WHAT THE TASK ASKS:
From the records below, print only the part that opens with the line containing "Fairy Godmother - Enthusiastic" and closes with the line containing "ECKSOFA Ottomane Links"; omit the pictures.

DATA PROVIDED:
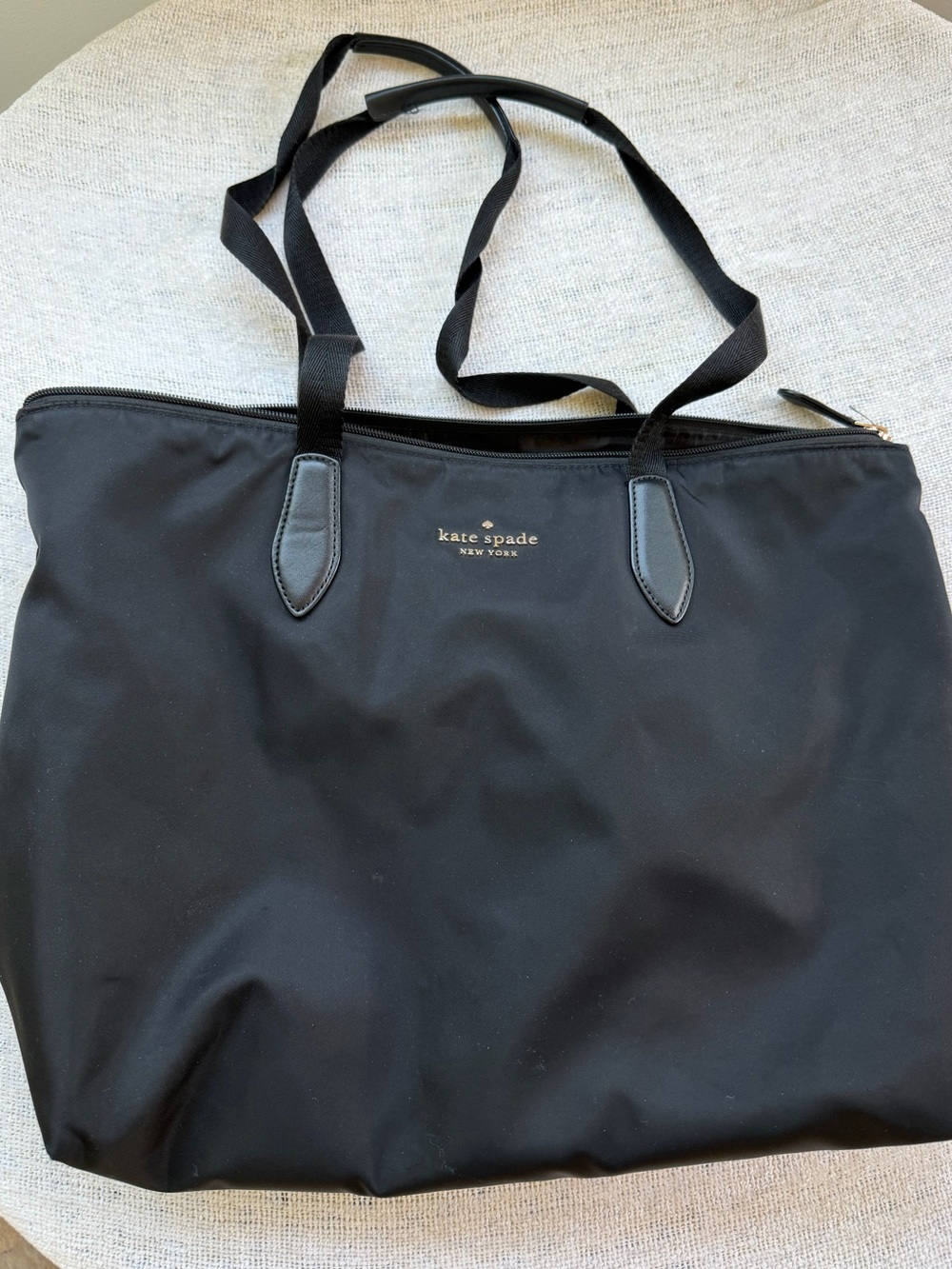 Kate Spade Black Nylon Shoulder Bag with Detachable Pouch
--
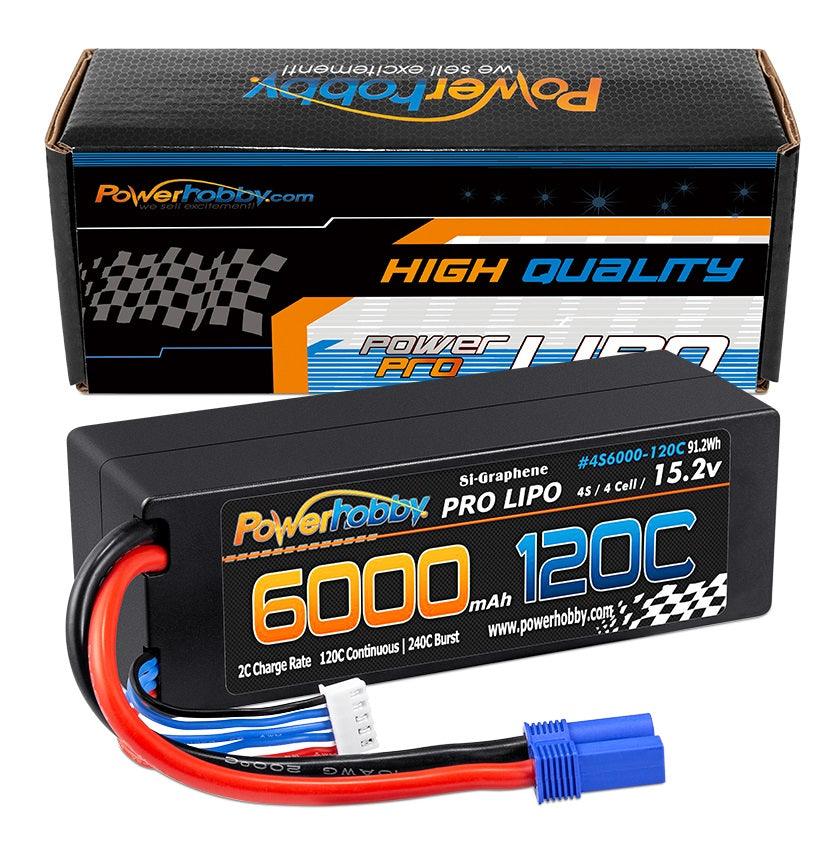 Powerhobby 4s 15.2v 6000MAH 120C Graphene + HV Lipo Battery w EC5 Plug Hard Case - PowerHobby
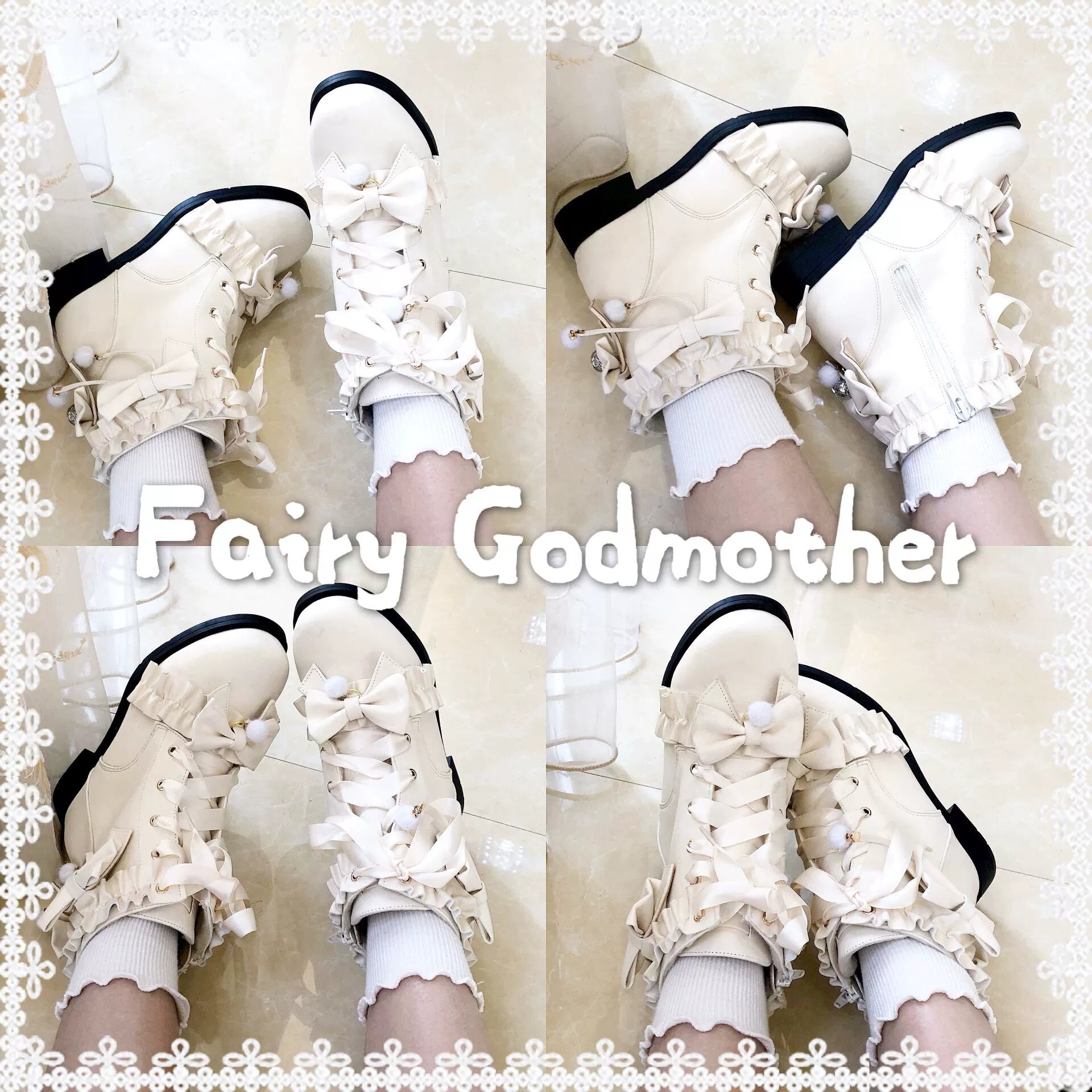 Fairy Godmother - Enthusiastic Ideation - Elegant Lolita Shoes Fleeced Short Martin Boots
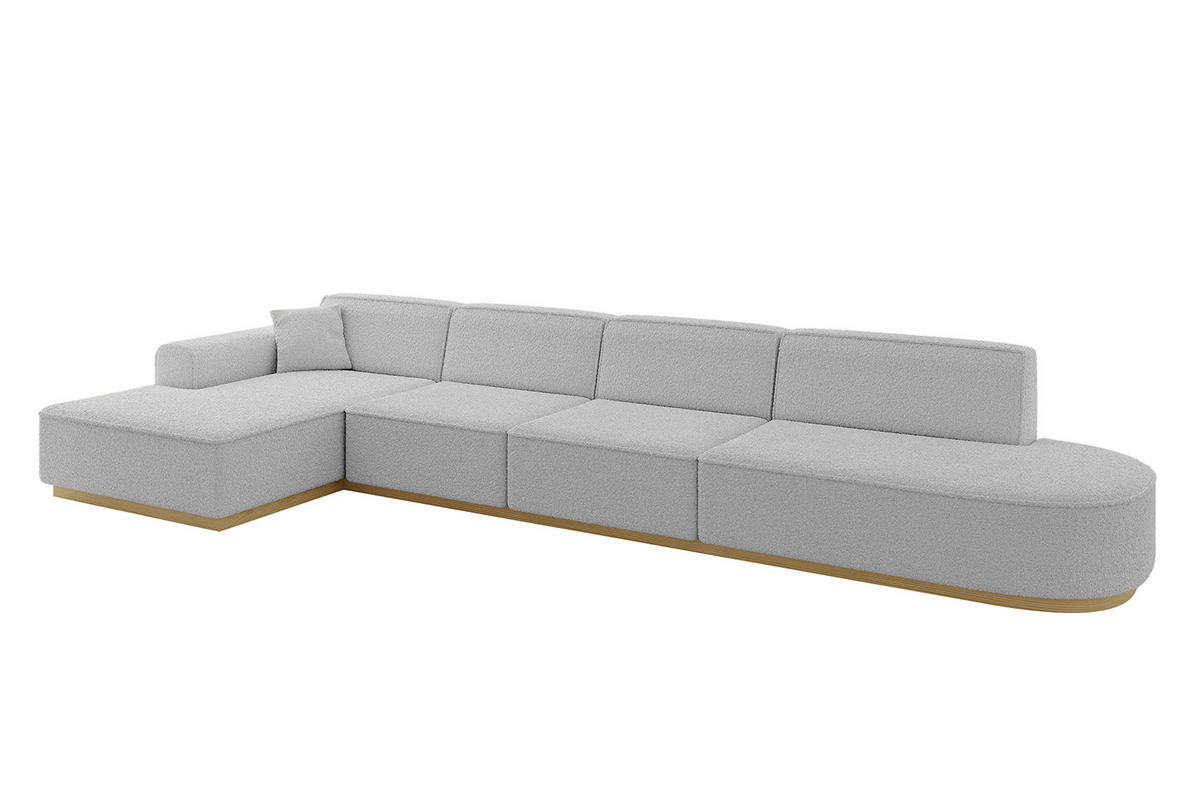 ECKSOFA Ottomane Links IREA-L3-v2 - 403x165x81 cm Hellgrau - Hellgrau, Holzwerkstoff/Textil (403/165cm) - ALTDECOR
* * *
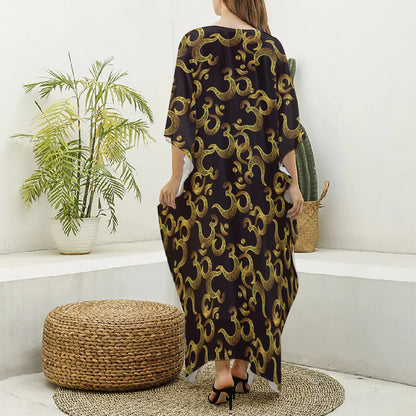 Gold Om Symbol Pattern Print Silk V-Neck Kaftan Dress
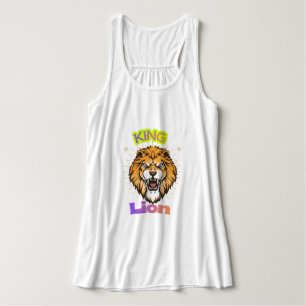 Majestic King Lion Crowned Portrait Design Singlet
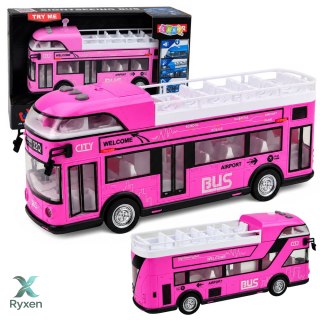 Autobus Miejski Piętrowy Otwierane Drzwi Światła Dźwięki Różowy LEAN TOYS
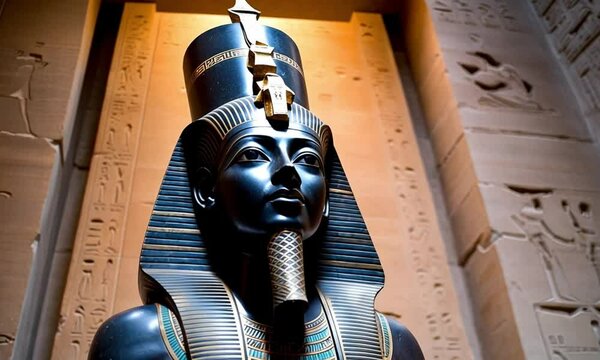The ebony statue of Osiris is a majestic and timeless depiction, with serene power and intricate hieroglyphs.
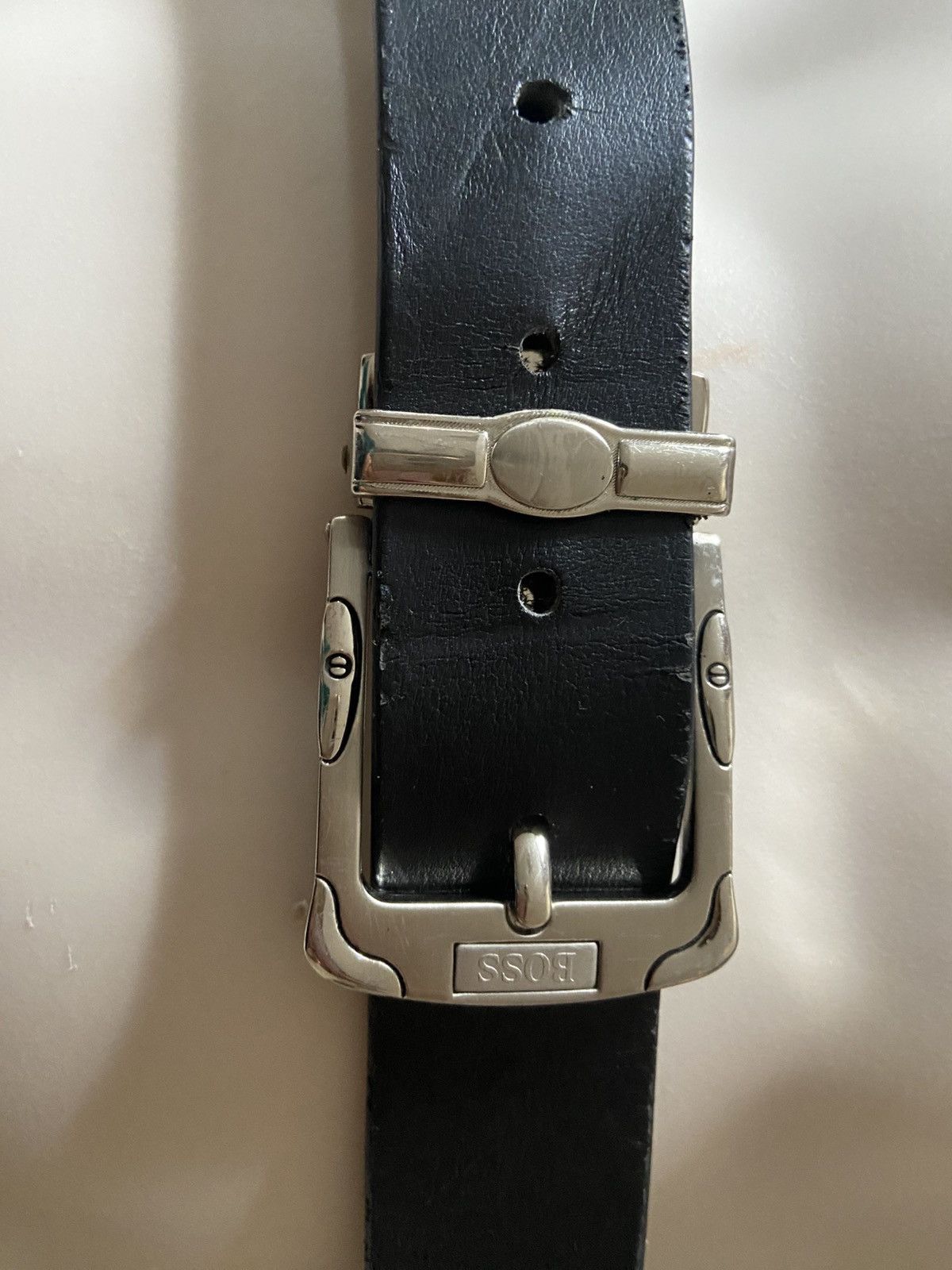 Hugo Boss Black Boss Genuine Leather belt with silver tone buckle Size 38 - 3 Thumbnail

SOLUTION FOR THIS TASK:
 Fairy Godmother - Enthusiastic Ideation - Elegant Lolita Shoes Fleeced Short Martin Boots
 ECKSOFA Ottomane Links IREA-L3-v2 - 403x165x81 cm Hellgrau - Hellgrau, Holzwerkstoff/Textil (403/165cm) - ALTDECOR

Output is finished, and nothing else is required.